Health officials in Lombardy have identified the first human case of avian influenza A(H9N2) recorded in Europe. The patient is a roughly 30-year-old man with preexisting health issues who returned from West Africa and was admitted to hospital a few hours after landing at Malpensa airport. Italian authorities say the infection is of low pathogenicity and was acquired abroad.
How the virus spreads and what it usually does
The Ministry of Health notes that H9N2 infections generally result from direct contact with infected poultry or with contaminated environments and materials. Human cases so far have tended to be mild, and there is no evidence that this strain spreads from person to person.
What authorities did next
- Immediate checks and contact tracing: Local health teams located and tested people who had contact with the patient.

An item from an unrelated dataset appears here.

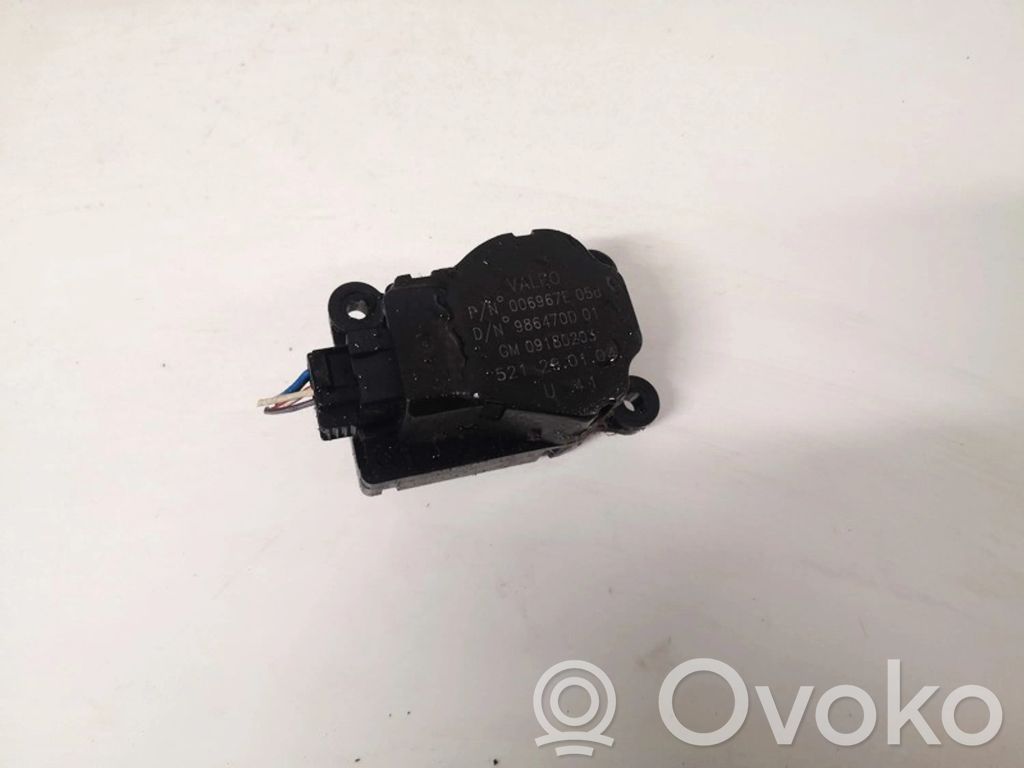 Stellmotor Heizung Klima   006967E,986470D,006967E,09180203,986470D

- Coordination: The national Ministry of Health coordinated with Lombardy regional authorities, the Istituto Superiore di Sanità, and the national reference laboratory network.
- International reporting: Competent international organizations were informed and updates are being shared.

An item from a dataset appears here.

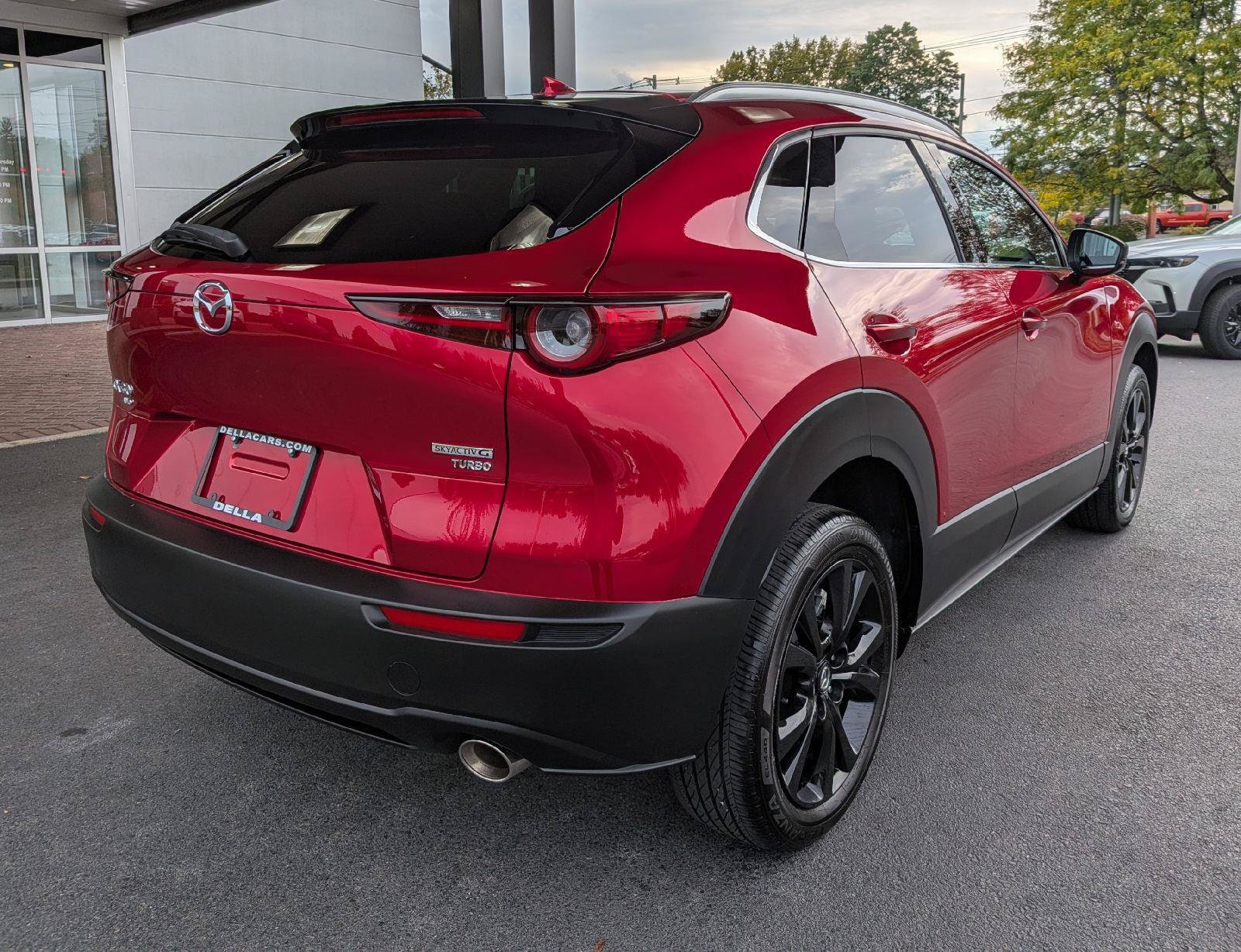 Certified 2023 MAZDA CX-30 2.5 Turbo w/ Premium Package AWD/4WD image 7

- Current status: No additional infections have been confirmed and the situation is under continuous monitoring.
Context from experts
Epidemiologist Gianni Rezza pointed out that this is the first human avian influenza case ever diagnosed in Italy, but he emphasized that it appears to be an isolated, imported event involving a less aggressive strain than some others in circulation. That means low immediate alarm, though surveillance continues.

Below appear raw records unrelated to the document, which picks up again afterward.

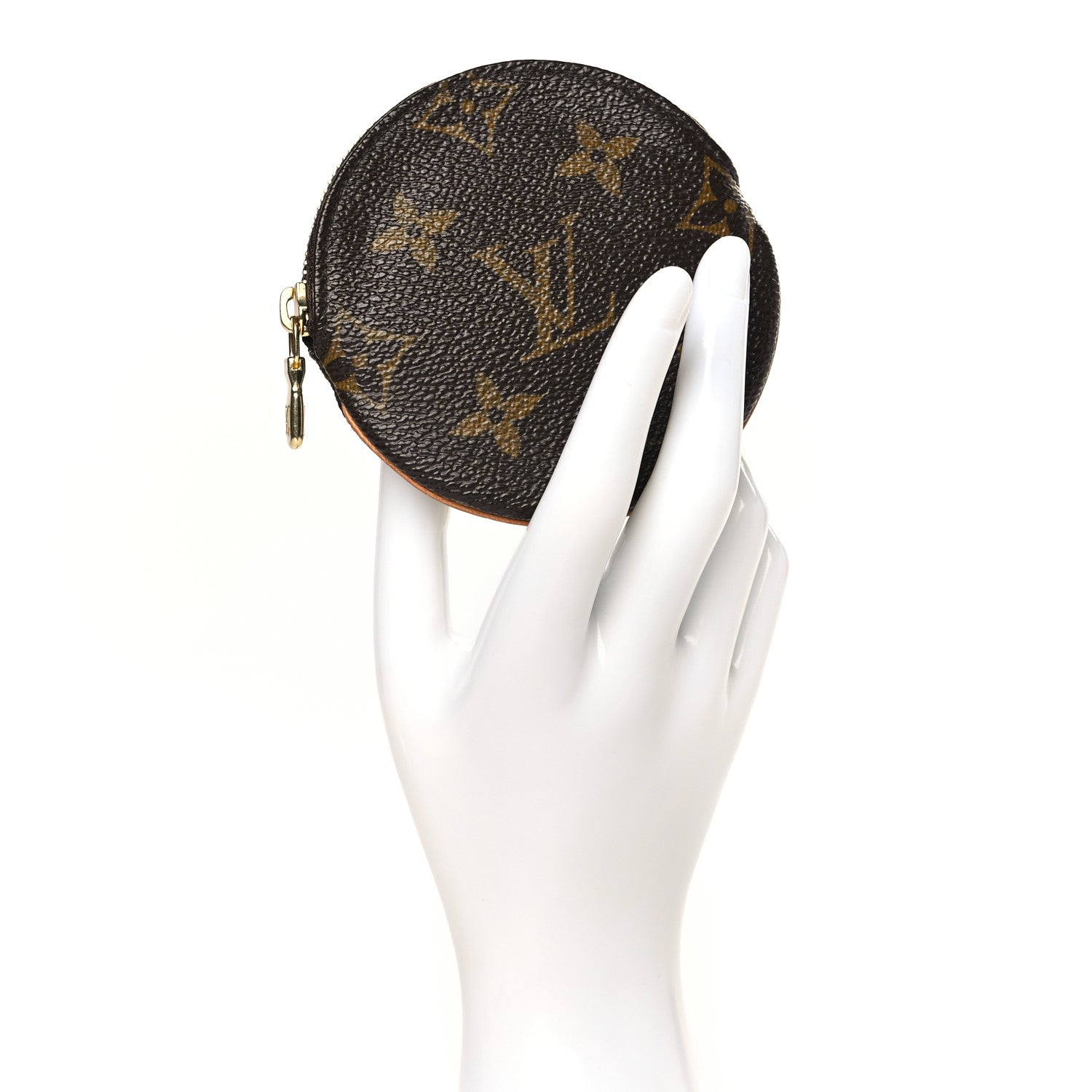 Louis Vuitton Monogram Round Coin Purse 2 of 8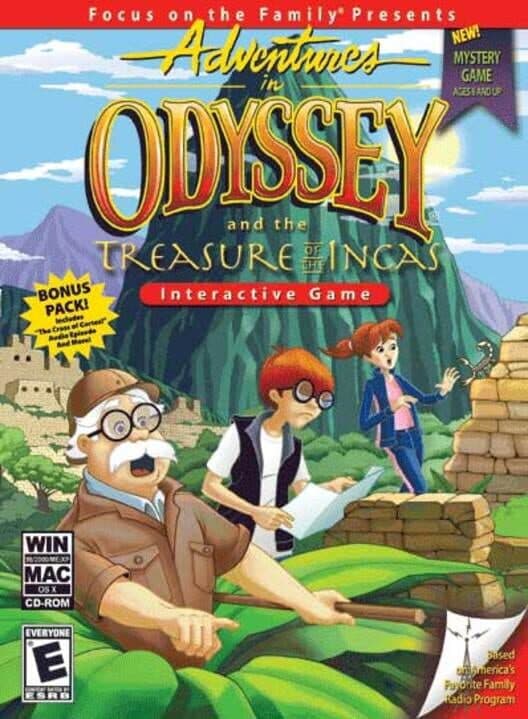 Обложка Adventures in Odyssey and the Treasure of the Incas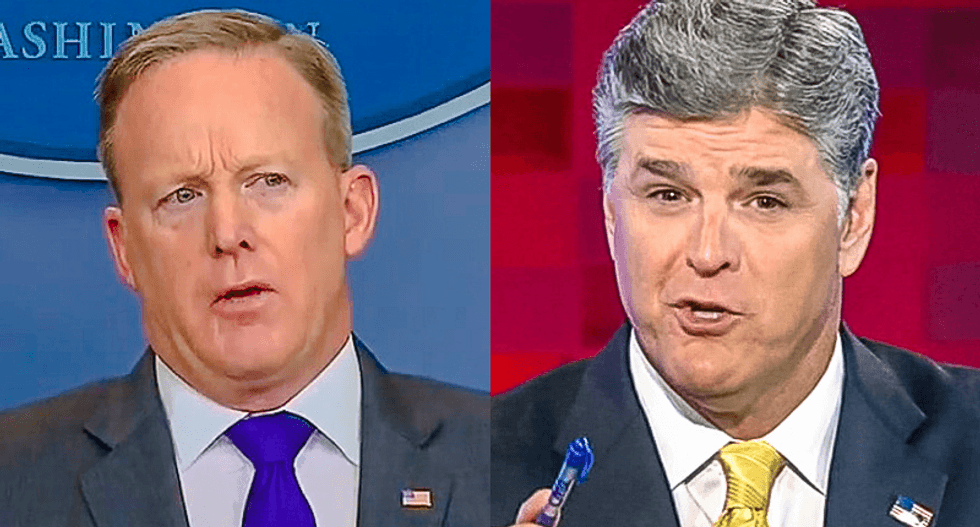 Sean Spicer unable to find high-paying media job after ripping networks in Hannity interview: report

For comparison, the H5N1 avian influenza strain has produced more severe human disease in past outbreaks. According to World Health Organization data cited by experts, between January 1, 2003 and January 22, 2026 there were 481 reported human H5N1 infections in six countries of the Western Pacific region, with 319 deaths, a reported case fatality rate of about 66.3 percent. By contrast, H9N2 is much less aggressive. Rezza noted that roughly 170 human H9N2 cases have been recorded worldwide to date.
Bottom line
The Lombardy case is an imported, low-pathogenicity H9N2 infection in a person who recently traveled from West Africa. Public health teams performed the expected tracing and testing, no secondary cases have been found, and authorities say the risk to the general public is currently low. Monitoring and laboratory investigations are ongoing.